What with the reference library, the scrapbooks and the stacks of magazines and newspapers in my office, there was scarcely room to move, but I did have a visitor’s chair. The General had insisted on that. It was piled high with junk, as usual. While I was clearing it the visitor stood in the doorway taking off his overcoat and folding it up neatly as if he were going to pack it.

He was of average height and thick-set with a very straight back. I put him in the middle fifties. A rather heavy face; I don’t mean flabby – there was nothing flabby about him; he looked as hard as nails – but big-boned, with prominent jaw muscles. ‘Craggy’ is probably the word. The eyes behind the acetate-rimmed bifocals were blue, the short, wiry hair was grey, the
complexion a faded summer tan; and on his wide, thin-lipped mouth there rested a regretful little smile. The smile, I soon found, was permanent and the regret it seemed to express illusory.
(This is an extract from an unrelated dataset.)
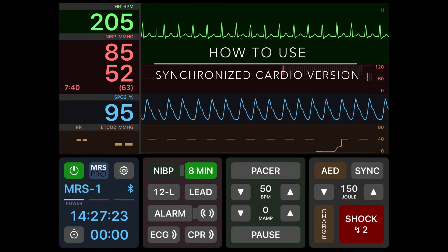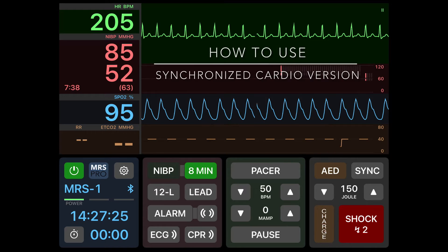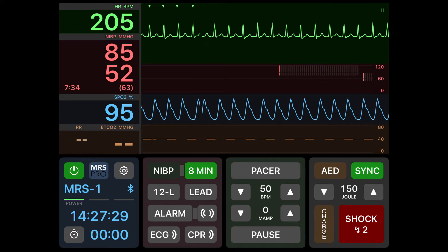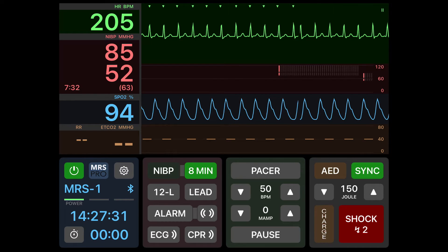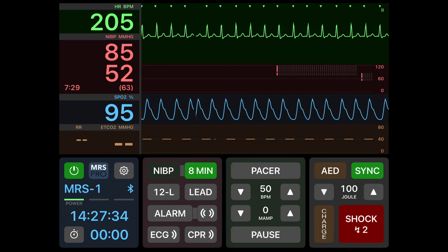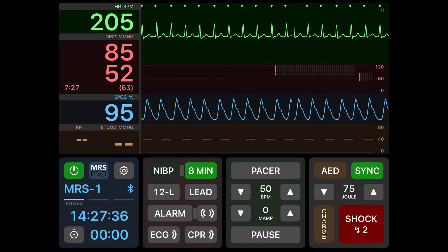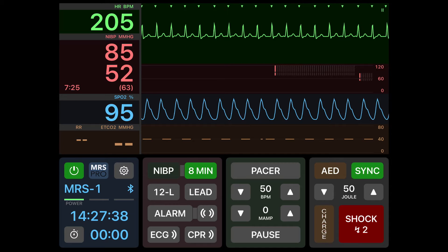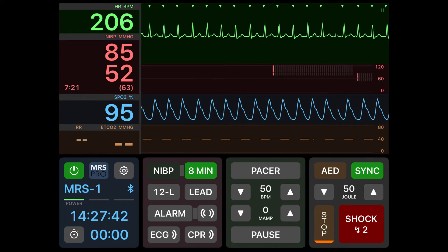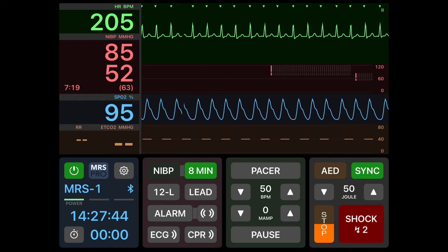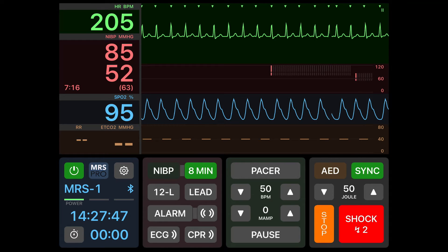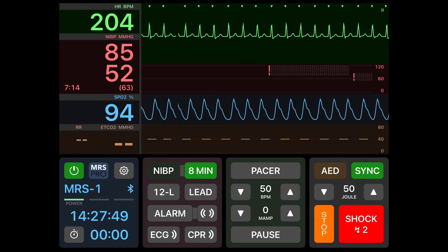Next let's look at how to use synchronized cardioversion. To cardiovert, push the sync button. You'll see that above all of the R waves an arrow marker is there. Adjust your energy selection to the right dose and push your charge button. If a mistake is made you can also hit stop. Once you have your charge ready, push and hold for cardioversion.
As he sat down in the chair I had cleared, Nicole brought in the subscription form. I handed him a ballpoint pen. He studied the form for a moment, then began to fill it in, in block letters as requested.

I could read the name he gave upside down. It was Werner Siepen. The address was a
Postfach
number in Hamburg. The separate spaces provided for business address and occupation he left blank. His signature was illegible.

Not Arnold Bloch, then, but he could conceivably be one of the West German clients for whom Bloch was acting. There was nothing unusual about his omitting to give his occupation. Few of our subscribers – the commonest exceptions were politicians, clergymen and, for some mysterious reason, dentists – chose or bothered to fill that line in. But I was, for obvious reasons, specially curious about this one. I tried to get him to open up a bit.

‘The yearly subscription rate for Germany is eighty marks,’ I said. ‘No doubt you would prefer to pay by cheque. Most of our subscribers do.’

He shrugged. ‘Cash would be simpler, I think –’ he reached for his wallet – ‘and Swiss francs simpler still.’ His French was quite good.